Il governatore del Friuli fa rimuovere dal palazzo della Regione, a Trieste, lo striscione per Giulio Regeni? Era proprio necessario?

Ancora polemiche per la decisione del governatore del Friuli Venezia Giulia, il leghista Massimiliano Fedriga, di far rimuovere dal palazzo della Regione, a Trieste, lo striscione dedicato a Giulio Regeni. Motivo? Pubblicizzare gli Europei under 21 di calcio, di cui alcune partite si giocano a Trieste e a Udine.

LO STRISCIONE PER GIULIO REGENI  A TRIESTE

Il messaggio per chiedere verità sull’assassinio del giovane ricercatore italiano, avvenuto tra gennaio e febbraio 2016, era stato fatto mettere quando era presidente Debora Serracchiani (Pd) ed era stato lasciato per circa un anno da Fedriga. Il governatore ha deciso di affidare a una lunga nota il suo pensiero così da motivare la decisione presa: “Anticipando le polemiche che continueranno a susseguirsi ad ogni batter di ciglio comunico che lo striscione non verrà più esposto né a Trieste né in altre sedi di Regione” ha detto aggiungendo che “malgrado non condivida la politica degli striscioni e dei braccialetti, non l’ho fatto rimuovere per più di un anno per non portare nell’agone politico la morte di un ragazzo. Perfino la Uefa mi ha dovuto scrivere impaurita da sterili tormentoni che non fanno altro che strumentalizzare il dramma avvenuto.
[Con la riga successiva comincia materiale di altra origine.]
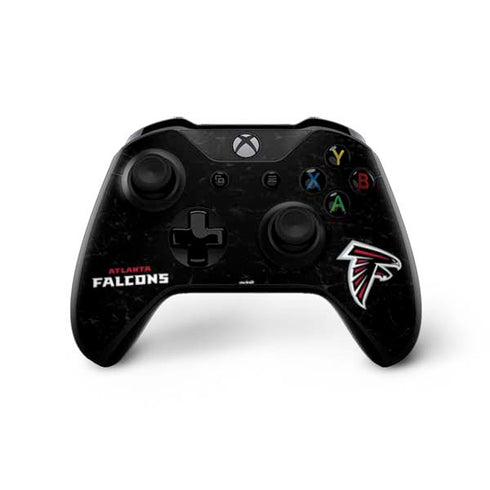 NFL Atlanta Falcons Distressed Xbox One X Bundle Skin
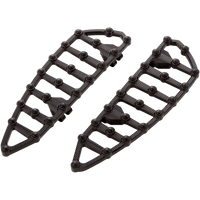 ARLEN NESS MX Driver Floorboards Black 06891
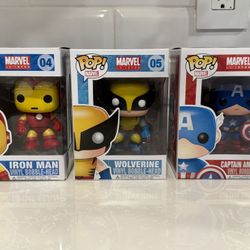 Marvel Funko Pop! 2011 Original Print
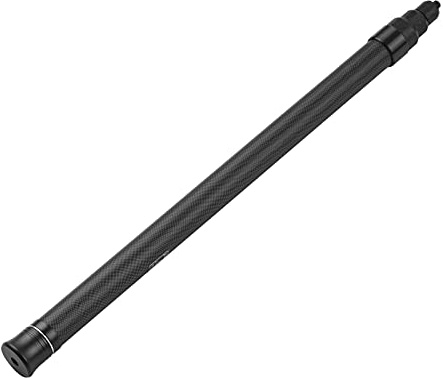 Camnoon 1,5 m Kohlefaser-Selfie-Stick, verstellbare Verlängerungsstange mit 1/4-Zoll-Schraube, Ersatz für Insta 360 One X/One X2/One R Panorama-Kamera-Action-Kamera
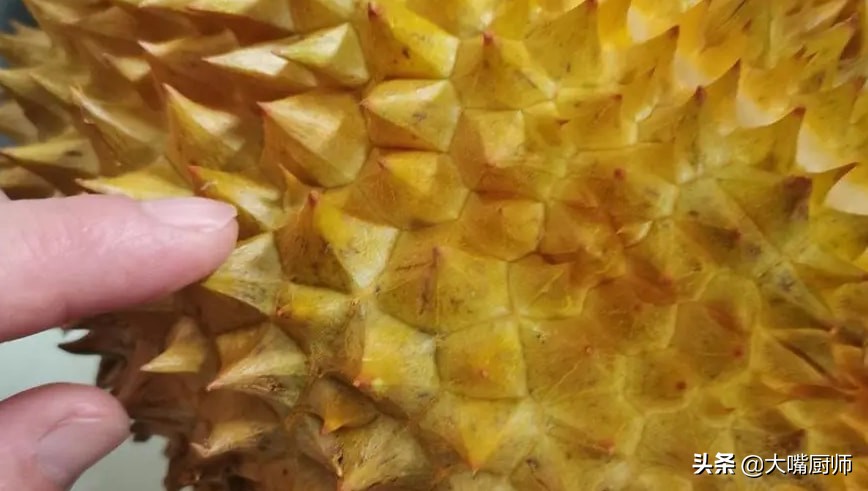 分享榴莲挑选,30秒教你挑榴莲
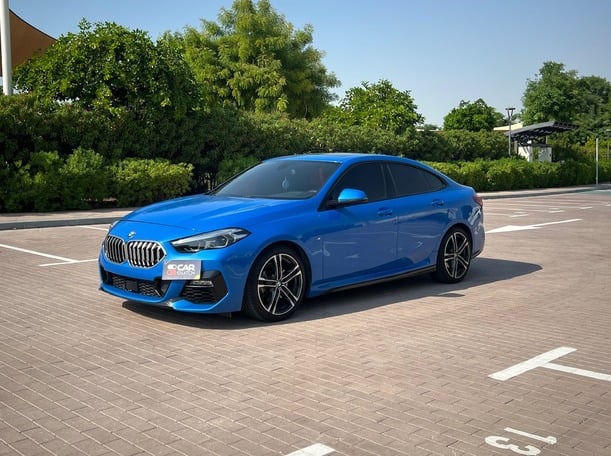 Used 2021 BMW 218 for sale in Dubai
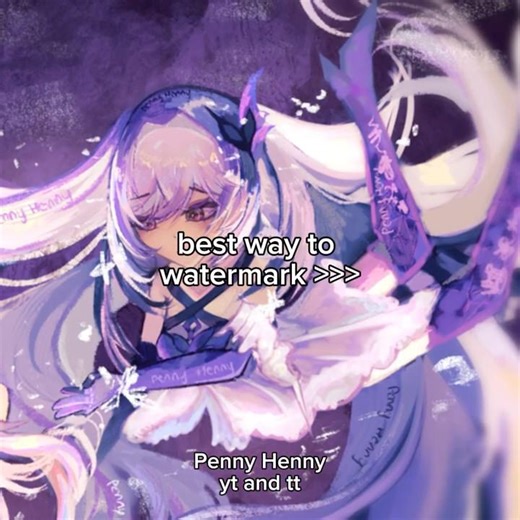 hands down best way to watermark ❤️😮‍💨 #trending #watermark #watermarktutoial #tutorial #art
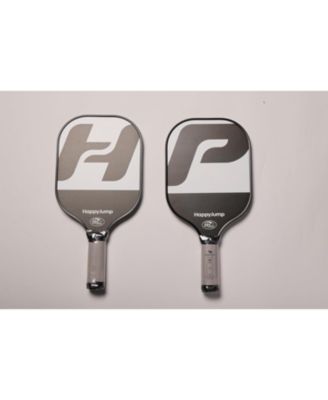 USAPA Approved Pickleball Rackets Set of 2, Fiberglass Paddles with Bag, 2 Indoor and 2 Outdoor Balls, Lightweight for Men and Women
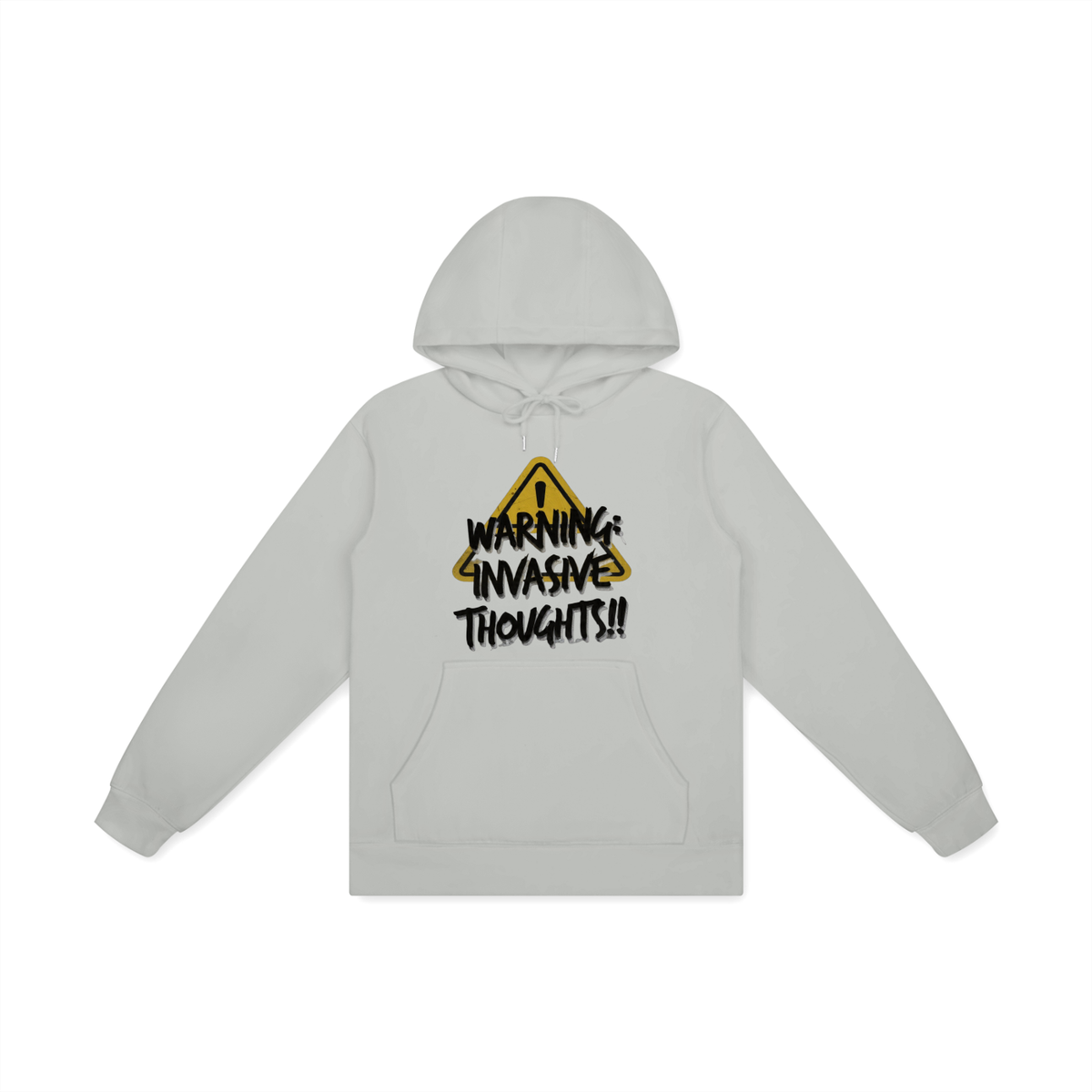 invasive thoughts  Cotton Hoodie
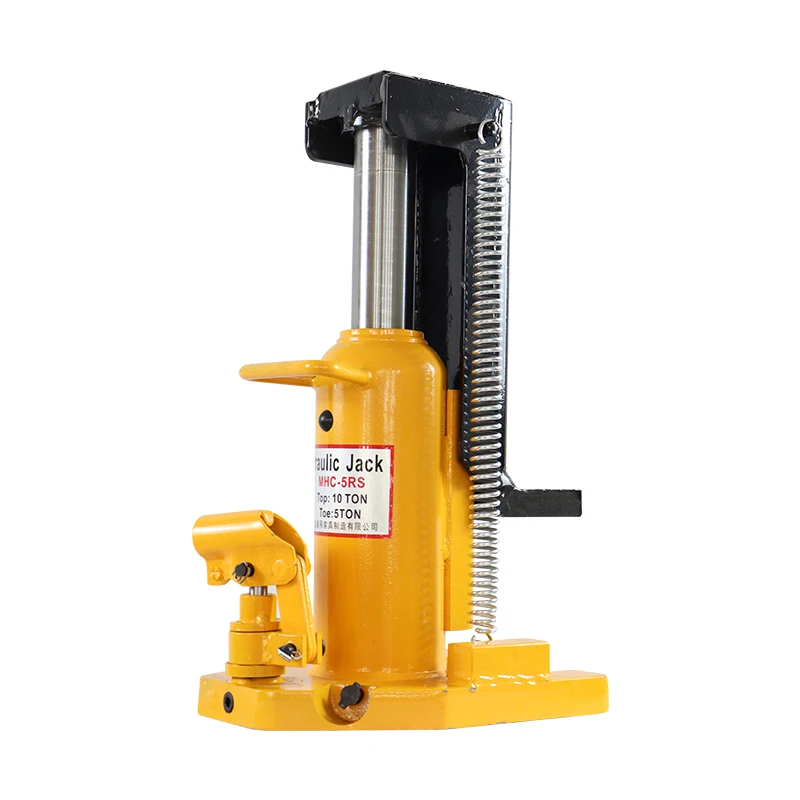 Heavy duty Hydraulic toe jack / Claw toe jack for lifting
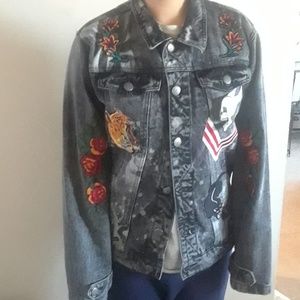 Mens Jean Jacket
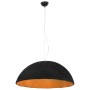Lámpara colgante negro y dorado E27 Ø70 cm de vidaXL, Lámparas - Ref: Foro24-50941, Precio: 96,97 €, Descuento: %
Evidentemente – ha concluso – la mia attenzione per non urtare le sensibilità non ha pagato, e ci si sente pertanto legittimati a imporre con atteggiamenti prevaricatori cosa deve o non deve fare la Regione”.
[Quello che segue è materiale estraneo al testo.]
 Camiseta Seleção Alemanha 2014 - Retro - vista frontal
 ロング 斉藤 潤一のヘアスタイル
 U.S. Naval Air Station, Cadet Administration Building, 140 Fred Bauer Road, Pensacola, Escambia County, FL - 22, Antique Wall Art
LA POSIZIONE DEL GOVERNATORE FRIULANO

Stante la legittima posizione espressa dal governatore friulano – su cui comunque si potrebbe discutere vista l’importanza del messaggio – non si poteva trovare un altro modo per ricordare la memoria di un giovane italiano barbaramente assassinato e sulla cui penosa vicenda ancora non è stata fatta luce? Seppure non si è voluto rimuovere temporaneamente lo striscione o collocarlo in un altro punto del palazzo, vista la contrarietà di Fedriga, non si poteva almeno accompagnarne la rimozione con qualche iniziativa cittadina o regionale? Mi domando: agendo in questo modo non è forse stato fatto un passo falso verso quella unità nazionale di cui tanto si parla, spesso vanamente? Se un Paese non è unito nel rammentare al mondo che ancora non è emersa la verità sulle brutalità subite da un connazionale, peraltro all’estero, su cosa deve mostrarsi unito? Quando gioca la Nazionale di calcio, come affermava qualche anno fa lo spot di una bevanda prodotta da un’antica e famosa azienda nostrana?

POLEMICHE STERILI

E su questi eventi non occorre neppure buttarla in politica, non c’entrano Destra e Sinistra, troppo spesso causa di divisioni inutili oltre che fuorvianti e talvolta laceranti: Giulio Regeni era un giovane italiano che è andato in Egitto per lavoro. Stop.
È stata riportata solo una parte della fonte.